Turning 520 into a toll bridge will undoubtedly shift a lot of traffic onto the region’s other, already crowded arterials. The particular implementation details of this toll system just give me one more reason not to use 520 and not to go into Seattle for non-essential needs.

Update: It does appear you can set up a quasi-anonymous “Unregistered Pass Account” account without deliberately disclosing identifying information by showing up in person at one of the customer service centers and paying for a pass in cash. Given that they already have equipment in place to take pictures of license plates for plate based billing, they have the technical ability to correlate a plate with an unregistered pass, effectively de-anonymizing it. This is a marginally better situation, as the government/company hired to run the system wouldn’t have your direct billing details, but you would still be carrying around an RFID tag that is chirping for all to hear/clone/whatever. They also warn that if the pass isn’t read correctly, one would be sent an inflated/surcharge bill by mail. In such a situation, you couldn’t really protest without revealing your identity.
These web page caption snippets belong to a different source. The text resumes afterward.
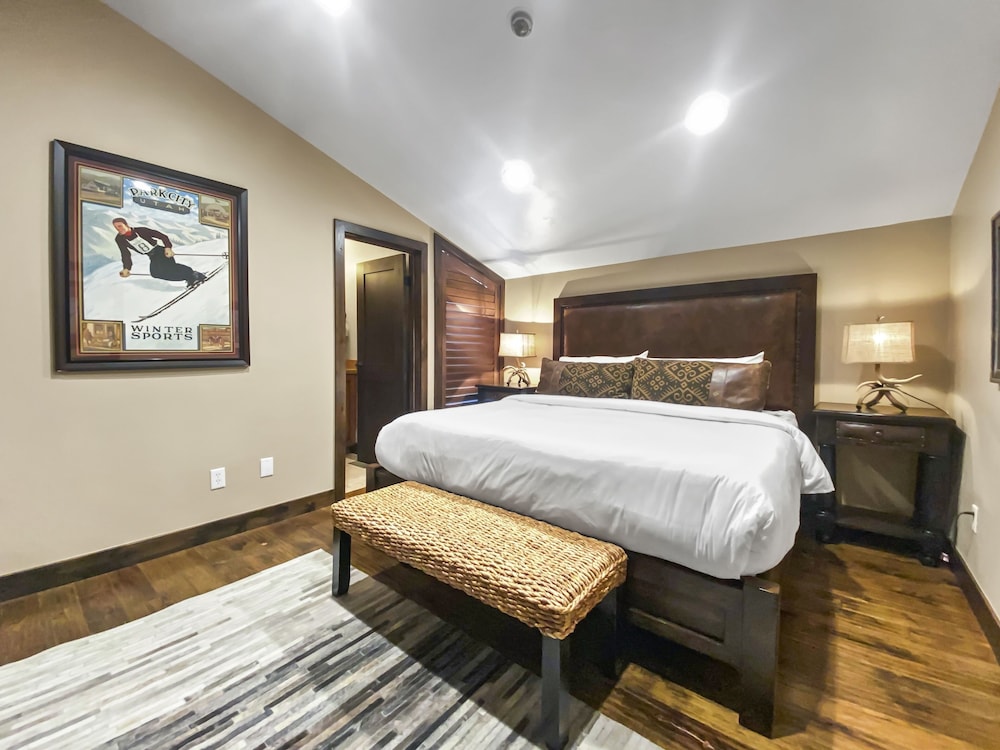 Condo, 2 Bedrooms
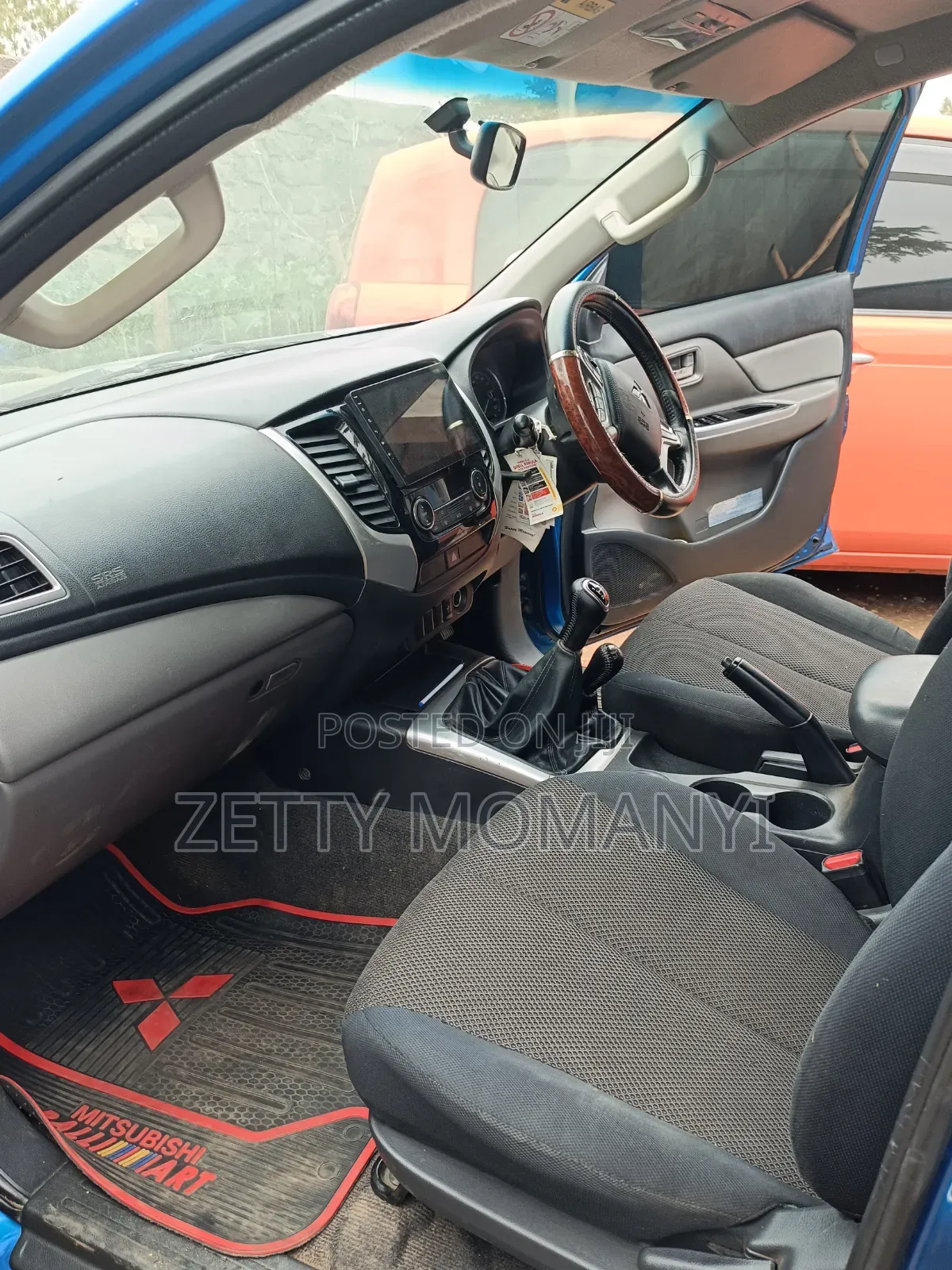 Mitsubishi L200 2018 Blue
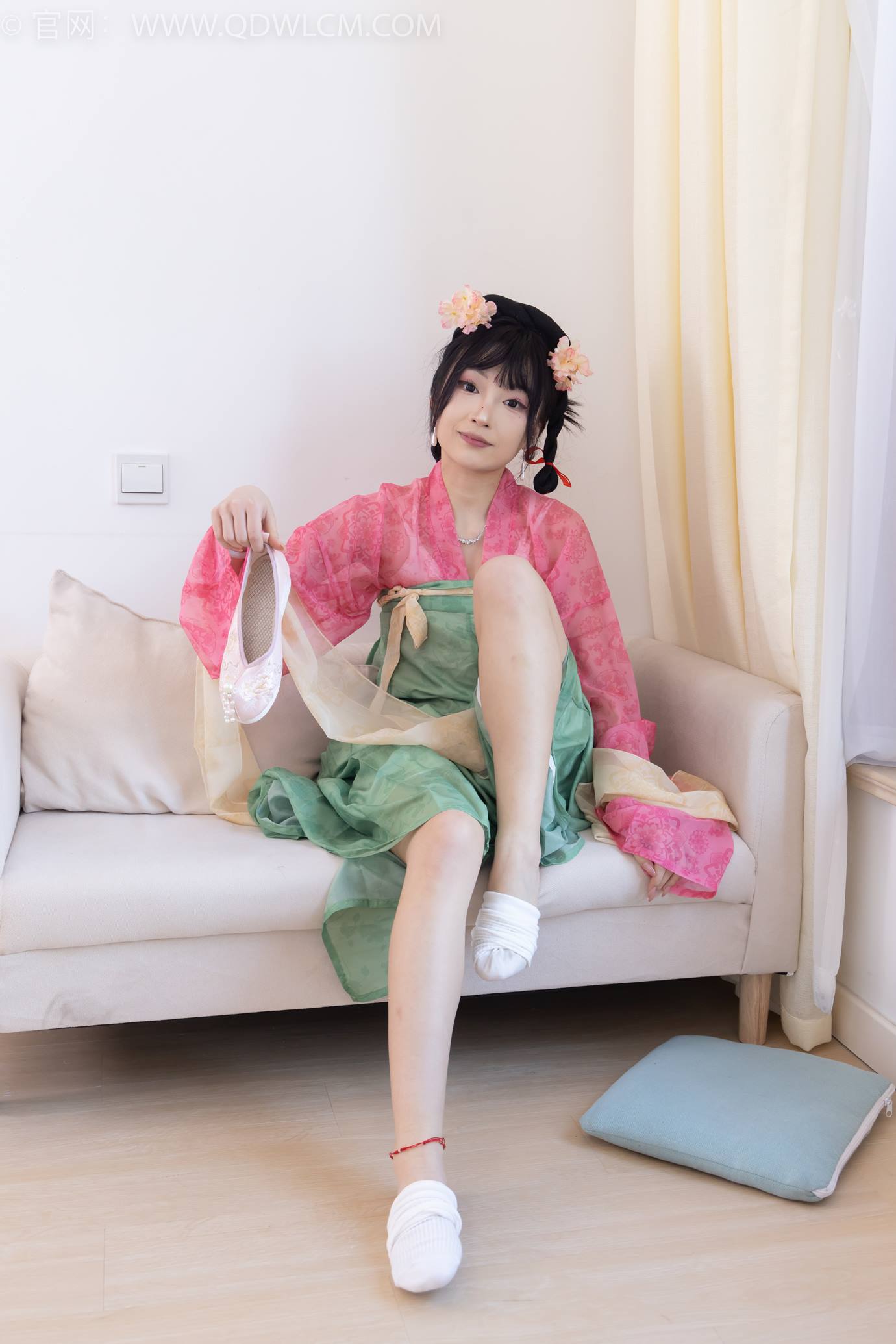 图片[17]-物恋传媒 NO.2297 嘟嘟-布鞋、白棉袜、古装、半脱袜子剧情[138P] – 速更版-美库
A more desirable setup would be the ability to set up a cash only account for plate based billing. In such a situation, one wouldn’t have to carry around a chirping RFID tag and wouldn’t be disclosing more information than the state already has through a vehicle’s registration. This doesn’t appear to be possible, currently, and they are charging a $.25 extra surcharge per toll for plate based billing. How much is your privacy worth to you? One has to wonder at the rationale for this disincentive. This may be an indication that their plate image capture system functions poorly in some situations, such as gridlock traffic, when an overhead mounted camera may not have a clear shot of the plate. I wonder whether this will cause scofflaws to deliberately tailgate large trucks and the like?
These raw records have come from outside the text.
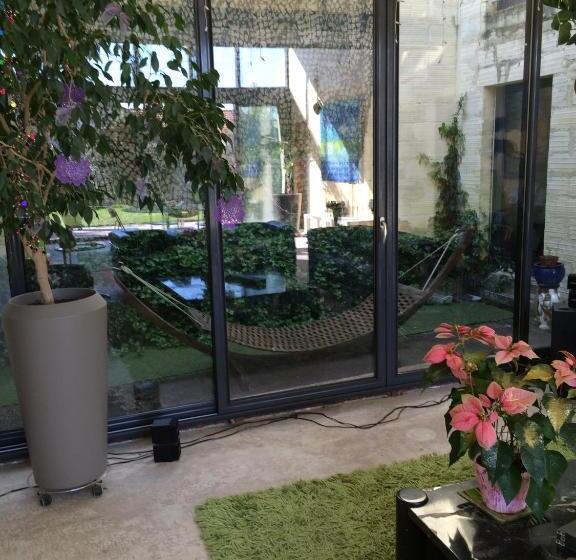 پانسیون Loft Zen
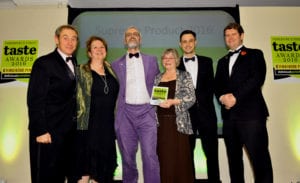 021116 Winner of the Supreme Champion 2016 Ryedale Vineyards at the deliciouslyorkshire and Yorkshire Post Taste Awards at the Pavilions in Harrogate, with l to r.. NIgel Barden BBC Radio 2, Sue Nelson Yorkshire Food Finder, Sturat Taylor Asda and James Mitchinson Editor of the Yorkshire Post.
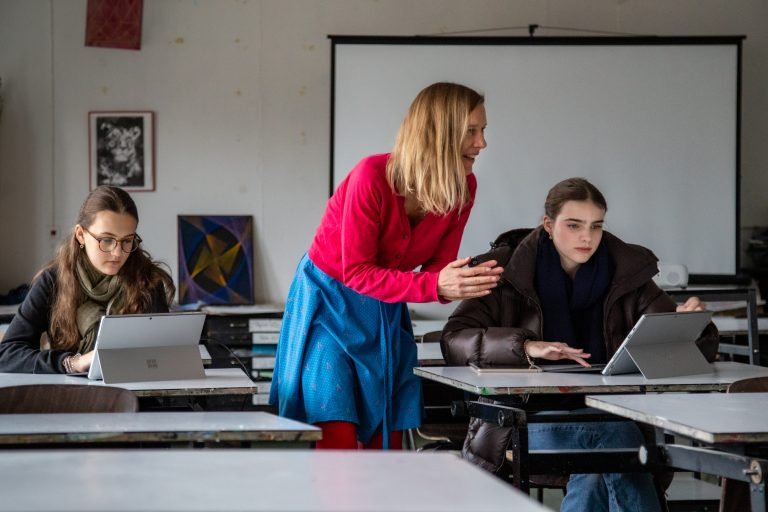 Anke Stütz und Schülerinnen bei der Seminararbeit.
Posted in Rants and Raves, Tech Stuff | No Comments »

Belated thoughts on the Nokia N900

Posted by Deliverator on 9th April 2010

I’ve been using a Nokia N900 as my cell for about 4 months now. I usually write about new gadgets in my collection much sooner than this, but with the N900 I wanted to take some more time for emotion to dampen down and to see how the platform matures before giving my take. Here are some thoughts:

Hardware

-The n900 is a big beautiful brick of a device. It feels very solid and well engineered cradled in your hands. I don’t worry much about accidental damage when I purchase a Nokia device, which is a big consideration for me, as I am a bit of a clutz.

-The screen is bright, beautiful, and daylight viewable. The resolution on the Iphone and similar smartphones is a joke compared to the screen on the n900. I wish Nokia had stayed somewhere in the 4.1 inch range or even gone a little larger, rather than shrinking the screen to 3.5″, which is a bit squint inducing to my eyes these days. The screen surface is a bit softer than those of the previous Nokia tablets, enough that I felt the need to purchase a screen protector. The screen also gathers fingerprints to such an extent that I was whipping it off multiple times a day with a microfiber cloth.

-The resistive digitizer is ultra-precise and has never needed any sort of calibrations. I’ve never had a problem with a touchscreen on a Nokia device. I’ve never found multi-touch to be much more than a gimmick in terms of usability and don’t like the other trade-offs from using a capacitive touchscreen. I really prefer using a stylus, or the edge of a fingernail in most situations due to better precision and not adding fingerprints to the screen.

-I don’t like the positioning of the slide-to-unlock switch or stylus silo. The n900 is really designed to be a two handed, horizontal orientation device and the positioning of these two components is less than optimal. Having the stylus in the lower right also forces you to pickup the phone to draw the stylus when you have it propped on its stand on a desk.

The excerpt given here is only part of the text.